Let’s turn to slide nine. As you can tell, I’m really excited about the IBM alliance. The IBM alliance is a key strategic decision that positions Broadridge with the industry leader. The business alliance agreement is structured to deliver a comprehensive portfolio of technology based solutions and services for the financial services industry. The alliance joint go to market strategy is a technology lift by IBM and an application shift by Broadridge. The combined solution suite will enable firms to outsource more of their non-core technology and operation functions to both IBM and Broadridge combined.
Broadridge is also outsourcing its data center to IBM. IBM is the recognized global leader in IT outsourcing services. Broadridge will be aligned with a technology provider that offers recognized market leading data center services. IBM data centers meet all of the highest standards of reliability, availability, security, and scalability as specified for Tier IV data center architecture, Tier IV being the highest standard.
It is anticipated that the data center agreement will save Broadridge approximately $25 million annually over the 10 year contract beginning in fiscal year 2013. During the conversion and implementation Broadridge will incur one time costs of approximately $25 million during the conversion period of fiscal 2011 and 2012. Any transaction where you can spend a total of $25 million over two years and save $25 million annually for the next 10 years feels pretty good.
Not I’ll turn the call over to Dan who will go into more detail about the third quarter financial results and our guidance update.
I’m on slide 10 for our third quarter and our year to date results. Since Rich already addressed the revenue growth components for the quarter and year to date I’ll quickly go into just a little bit of detail on we’ll call it the EBIT margins.
For the quarter, the margins were down two points mainly due to the forecasted revenue fall off in the securities processing business, as well as in investor communications the on-boarding of the Morgan Stanley deal and increased short term investments including some incremental sales commissions. The EBIT margins were down slightly year to date due to the positive impact from investor communications even driven mutual fund proxy revenue in the second quarter which was then offset by the Q3 activity we just mentioned.
Our non-GAAP earnings per share was down for the quarter and up year to date due to the contributions from EBIT and share buy backs.
Let’s move to slide 11 and review our revenue drivers in a little bit more detail. On this slide, I wanted to refresh your memories on how the revenue drivers have worked in the past and how they are forecasted to look in fiscal year ’10. We use these drivers to build our forecast and forward looking revenue models.
To the far left is the five year CAGR starting with fiscal year ’05 and includes fiscal year ’10. During this period we had growth in all years except the one down period we experienced last year in fiscal ’09 of -2%. The percentages to the right represent our actual year to date and forecasted full year view of revenue growth from the comparative period last year. As you remember, the fourth quarter is our largest quarter due to the equity proxy activity and this quarter represents over 30% of our revenues and 50% of our annual profits so that’s why year to date and full year can look different.
With respect to the drivers, sales, this line represents the revenue generated from our recurring closed sales.

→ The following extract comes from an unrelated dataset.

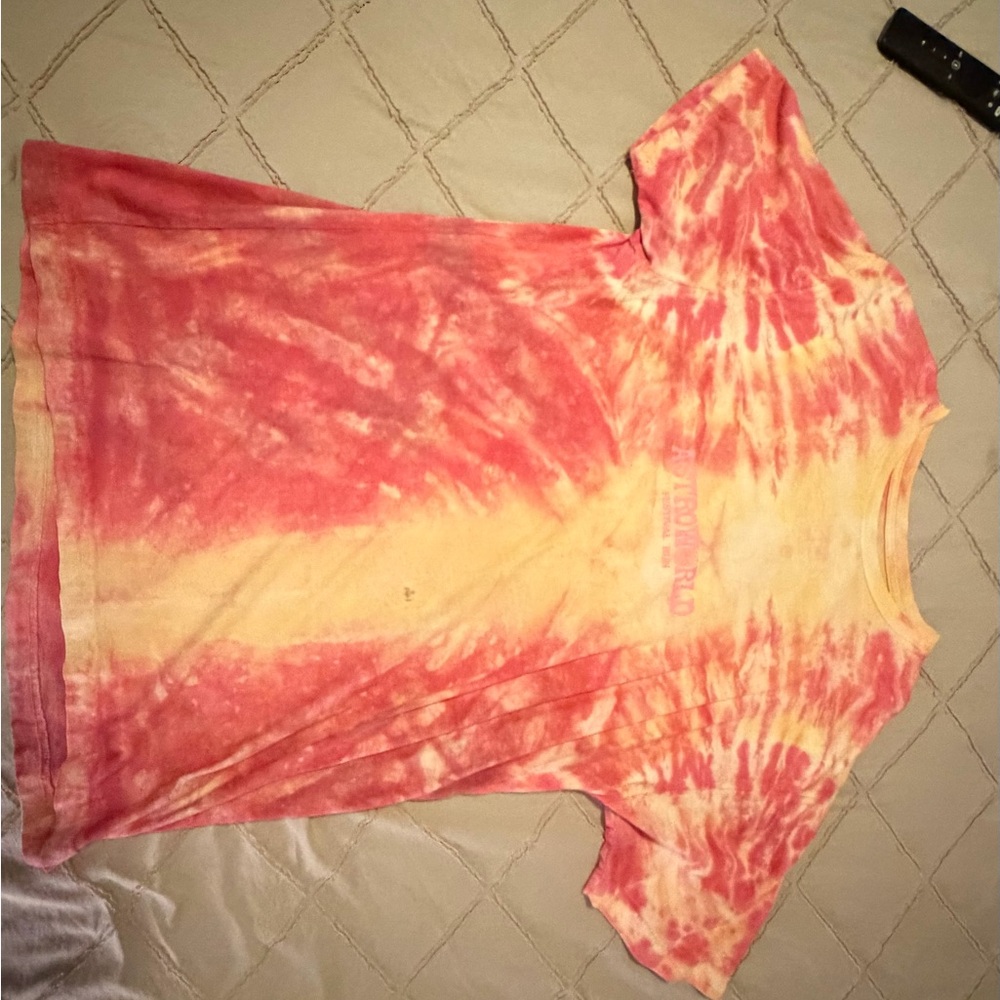 Travis Scott Red and Yellow Tie-Dye Short Sleeve Tee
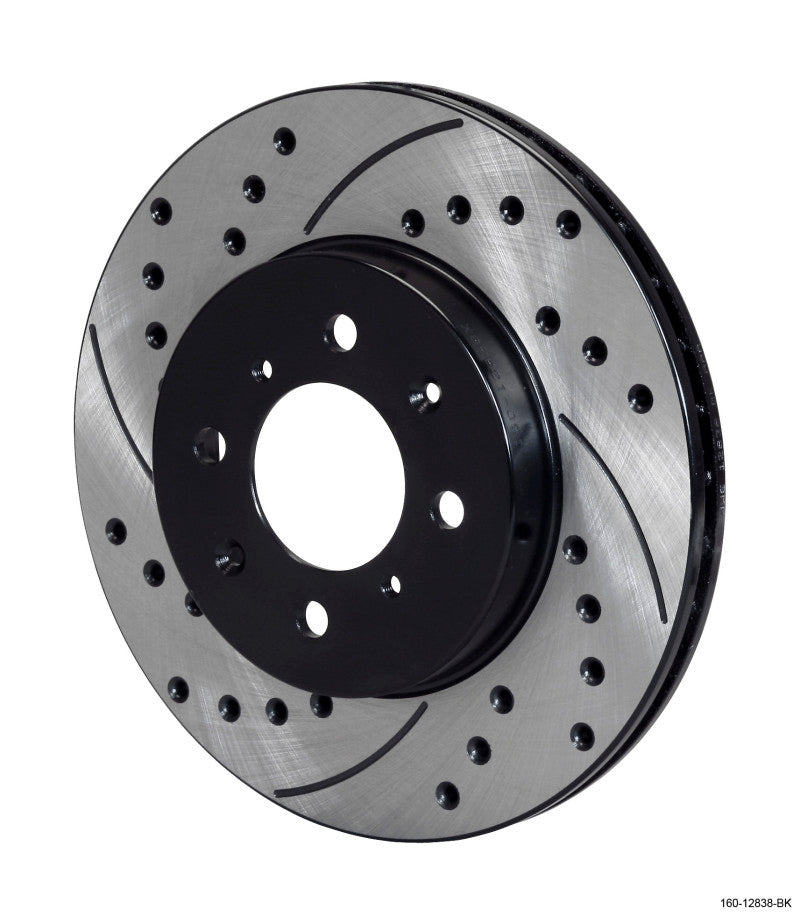 Wilwood Rotor-.68in Offset-SRP-BLK-Drill-RH 10.32 x .83 - 4 x 3.93.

Rich just stated we expect between $185 and $205 million in closed sales this year. Of this $135 to $150 million is related to recurring sales and the rest is related to event driven. Sales in the security processing and larger deals in investor communications can have insulation periods of up to 24 months and sometimes even longer. Therefore, the contribution to revenue from sales can stretch over a three year period including the current year.
There is a chart in the appendix on page 26 to help you understand both fiscal year ’09 and ’10 closed sales and the contributions to the respective fiscal year revenues.
Let’s move to client losses. This line represents the revenue we lose due to consolidations, clients who go out of business and very rarely to the competition. You can see historically that we’ve maintained a 2% loss rate or more appropriately have a client revenue retention rates of 98%. We also have not been made aware of any new large losses at this time. This high revenue retention rate is due to our market position, continued investments in the business and high client satisfaction survey scores.
The next two lines in yellow; internal growth and event driven are and have been very important to our overall revenue growth and are tied to the markets we serve but are also very volatile depending upon market conditions. Internal growth, as defined in Note (a) at the bottom of the boxed area, is made up of equity and fixed income trade as well as time and materials in the securities processing businesses and equity and mutual fund stock record positions as well as statement and fulfillment activity in the investor communications business.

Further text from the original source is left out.